Lebih lanjut, Politisi Fraksi Golkar ini menekankan salah satu solusi yang tengah dibahas adalah mewajibkan penggantian lahan yang hilang akibat alih fungsi. Misalnya, untuk setiap 10 hektare lahan pertanian yang digunakan untuk keperluan non-pertanian, harus ada 10 hektare lain yang disediakan sebagai pengganti.
Namun, diakuinya, hal ini tidak mudah diterapkan, mengingat sebagian besar lahan pertanian berada di tangan masyarakat dan bukan pemerintah. Selain itu, dengan semakin terbatasnya lahan pertanian, teknologi pertanian yang lebih canggih juga harus dipikirkan.
“Kita perlu meningkatkan produktivitas pertanian meskipun lahan semakin sempit. Teknologi pertanian yang efisien dan ramah lingkungan akan menjadi kunci untuk mencapainya,” pungkasnya.

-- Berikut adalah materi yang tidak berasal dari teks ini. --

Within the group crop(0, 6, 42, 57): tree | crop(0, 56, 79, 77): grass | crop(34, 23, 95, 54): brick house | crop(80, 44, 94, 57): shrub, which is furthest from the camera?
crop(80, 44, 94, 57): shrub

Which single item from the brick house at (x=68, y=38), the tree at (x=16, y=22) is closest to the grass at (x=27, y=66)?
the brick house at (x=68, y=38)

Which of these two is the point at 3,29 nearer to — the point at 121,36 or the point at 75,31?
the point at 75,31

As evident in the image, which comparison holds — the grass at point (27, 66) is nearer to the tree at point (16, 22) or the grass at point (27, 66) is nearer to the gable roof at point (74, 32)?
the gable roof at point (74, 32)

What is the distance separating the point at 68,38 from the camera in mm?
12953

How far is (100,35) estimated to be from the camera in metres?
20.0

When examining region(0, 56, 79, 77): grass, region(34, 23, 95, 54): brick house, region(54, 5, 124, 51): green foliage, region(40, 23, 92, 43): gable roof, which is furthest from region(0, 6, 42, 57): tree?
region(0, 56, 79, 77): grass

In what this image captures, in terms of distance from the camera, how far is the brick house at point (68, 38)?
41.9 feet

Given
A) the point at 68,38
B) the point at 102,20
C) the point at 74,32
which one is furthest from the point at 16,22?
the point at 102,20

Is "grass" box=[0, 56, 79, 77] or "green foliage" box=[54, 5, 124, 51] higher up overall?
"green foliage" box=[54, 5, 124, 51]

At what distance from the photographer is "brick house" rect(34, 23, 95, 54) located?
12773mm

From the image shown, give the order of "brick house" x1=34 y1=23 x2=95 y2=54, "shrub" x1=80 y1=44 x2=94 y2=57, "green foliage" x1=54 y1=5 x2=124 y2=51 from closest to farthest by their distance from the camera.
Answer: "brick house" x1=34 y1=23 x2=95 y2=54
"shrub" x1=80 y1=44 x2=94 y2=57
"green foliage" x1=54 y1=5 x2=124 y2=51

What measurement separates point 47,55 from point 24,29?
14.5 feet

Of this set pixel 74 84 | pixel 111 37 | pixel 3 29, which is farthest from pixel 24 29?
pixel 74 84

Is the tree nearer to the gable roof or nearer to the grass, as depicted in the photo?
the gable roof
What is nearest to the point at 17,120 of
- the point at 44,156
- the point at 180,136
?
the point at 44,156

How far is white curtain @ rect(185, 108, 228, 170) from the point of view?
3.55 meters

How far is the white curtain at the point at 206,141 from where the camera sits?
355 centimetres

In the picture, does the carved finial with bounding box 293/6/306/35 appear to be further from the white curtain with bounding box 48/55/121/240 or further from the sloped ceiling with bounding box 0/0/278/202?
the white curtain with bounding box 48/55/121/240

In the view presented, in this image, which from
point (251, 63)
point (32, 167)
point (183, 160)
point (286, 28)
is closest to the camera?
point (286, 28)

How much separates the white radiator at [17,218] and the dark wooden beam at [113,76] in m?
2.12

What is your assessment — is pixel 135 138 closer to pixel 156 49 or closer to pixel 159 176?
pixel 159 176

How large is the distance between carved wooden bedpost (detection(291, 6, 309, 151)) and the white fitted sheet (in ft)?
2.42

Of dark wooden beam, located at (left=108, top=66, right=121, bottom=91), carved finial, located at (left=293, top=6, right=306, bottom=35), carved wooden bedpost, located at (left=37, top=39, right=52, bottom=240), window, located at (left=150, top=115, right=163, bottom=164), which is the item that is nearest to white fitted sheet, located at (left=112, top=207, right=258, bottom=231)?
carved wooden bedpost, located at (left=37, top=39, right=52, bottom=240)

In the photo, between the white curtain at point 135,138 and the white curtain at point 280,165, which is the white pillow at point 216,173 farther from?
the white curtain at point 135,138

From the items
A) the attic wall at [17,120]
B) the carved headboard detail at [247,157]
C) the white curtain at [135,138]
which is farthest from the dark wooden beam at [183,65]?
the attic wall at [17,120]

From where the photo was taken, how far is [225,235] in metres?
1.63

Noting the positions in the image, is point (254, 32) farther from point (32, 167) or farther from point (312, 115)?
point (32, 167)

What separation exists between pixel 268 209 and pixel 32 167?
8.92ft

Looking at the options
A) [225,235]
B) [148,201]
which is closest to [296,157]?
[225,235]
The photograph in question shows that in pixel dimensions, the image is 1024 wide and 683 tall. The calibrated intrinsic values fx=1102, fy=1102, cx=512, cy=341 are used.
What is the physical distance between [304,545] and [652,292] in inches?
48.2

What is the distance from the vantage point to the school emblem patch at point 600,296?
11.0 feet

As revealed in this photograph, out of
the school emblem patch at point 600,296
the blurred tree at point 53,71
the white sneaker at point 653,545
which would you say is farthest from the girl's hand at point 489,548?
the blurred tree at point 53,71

Namun, penerapan kebijakan pembatasan alih fungsi lahan bukan tanpa tantangan. Masyarakat yang memiliki lahan pertanian sering kali memilih untuk mengalihfungsikan tanah mereka karena potensi keuntungan yang lebih besar. Pemerintah perlu bijaksana dalam mengatur hal ini, tanpa mengabaikan hak milik individu.
“Disiplin dalam penerapan kebijakan memang bisa dilakukan, misalnya dengan pembatasan akses listrik atau infrastruktur lain. Namun, apakah itu bijaksana? Itu perlu dipertimbangkan lebih matang,” jelasnya.
Dengan semakin terbatasnya lahan pertanian di daerah padat penduduk, seperti di Jawa dan Bali, solusi untuk menjaga keseimbangan antara pembangunan dan keberlanjutan pertanian menjadi semakin penting.
Pemerintah dan masyarakat perlu bekerja sama untuk mencari jalan tengah yang dapat melindungi lahan pertanian sekaligus mendukung kebutuhan pembangunan di masa depan.